Ceres Group Acquisition Sponsor and Ceres Acquisition Corp. closed on its initial public offering (IPO) of $120 million of Class A restricted voting units of Ceres. Ceres is a newly organized special purpose acquisition corporation (SPAC) incorporated under the laws of the Province of British Columbia for the purpose of acquiring one or more businesses or assets. The focus will be on cannabis companies, but it is not limited to that specific industry or any geographic location.
The shares will begin trading today on the Neo Exchange Inc. under the symbol “CERE.UN”, and are intended to separate into Class A Restricted Voting Shares and Warrants in 40 days (or, if such date is not an Exchange trading day, the next Exchange trading day), which will trade under the symbols “CERE.U” and “CERE.WT”, respectively.

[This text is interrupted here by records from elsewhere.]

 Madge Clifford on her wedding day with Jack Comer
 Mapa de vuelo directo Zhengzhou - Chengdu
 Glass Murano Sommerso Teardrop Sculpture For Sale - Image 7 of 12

Joe Crouthers, Chairman, Chief Executive Officer and Director at Ceres said, “Ceres Acquisition Corp. is excited to be partnering with fellow innovators at the NEO Exchange. We will benefit greatly from their extensive experience and prior success as a senior exchange supporting SPACs and US-focused cannabis listings. They’ve allowed us to target the most vital segments of an industry that is at a critical inflection point. This forward-thinking approach sets the stage for companies and industries to flourish.”
Ceres’ board of directors is comprised of Joe Crouthers (Chairman), Jordan Cohen, Dr. Ervin Braun, Brian Goldberg, Jordan Toplitzky and Tahira Rehmatullah, and its management team is comprised of Joe Crouthers (Chief Executive Officer), Jordan Cohen (President, Chief Financial Officer, and Corporate Secretary) and Michael Vukmanovich (Chief Operating Officer).

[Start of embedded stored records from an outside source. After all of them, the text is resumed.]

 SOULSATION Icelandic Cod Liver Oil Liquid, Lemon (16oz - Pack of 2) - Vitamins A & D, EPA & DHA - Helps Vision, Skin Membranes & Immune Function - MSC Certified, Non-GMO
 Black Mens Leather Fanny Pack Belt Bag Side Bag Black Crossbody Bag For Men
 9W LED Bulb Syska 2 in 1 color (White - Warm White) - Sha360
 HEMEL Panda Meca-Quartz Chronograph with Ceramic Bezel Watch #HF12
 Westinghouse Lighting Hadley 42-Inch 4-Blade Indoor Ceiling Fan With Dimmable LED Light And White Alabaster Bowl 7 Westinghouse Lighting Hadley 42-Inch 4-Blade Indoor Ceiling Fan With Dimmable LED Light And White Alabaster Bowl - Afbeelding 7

Ceres said its strategy is to leverage its directors’ and officers’ and the Sponsor’s executive leadership and entrepreneurial expertise, strong marketing and brand capabilities, and investment experience and network in order to identify and execute attractive qualifying deals. Ceres’ management team and directors will undertake to identify potential investment targets, and use their relationships with strategic growth advisors and strategic marketing partners to continue to build relationships with company owners, executives, stakeholders, industry experts and financial intermediaries to uncover attractive acquisition opportunities.

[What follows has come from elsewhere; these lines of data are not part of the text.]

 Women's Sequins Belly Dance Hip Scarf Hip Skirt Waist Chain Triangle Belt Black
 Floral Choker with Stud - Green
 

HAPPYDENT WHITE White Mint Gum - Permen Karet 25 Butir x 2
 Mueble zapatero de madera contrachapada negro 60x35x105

Ceres has granted Canaccord Genuity Corp., the underwriter of the Offering, a 30-day non-transferable over-allotment option following the Closing to purchase up to an additional 1,800,000 Class A Restricted Voting Units, at a price of $10.00 each. The proceeds from the distribution of the Class A Restricted Voting Units (along with the proceeds from any exercise of the Over-Allotment Option) will be deposited into an escrow account and will only be released upon certain prescribed conditions, as further described in the final prospectus dated February 25, 2020.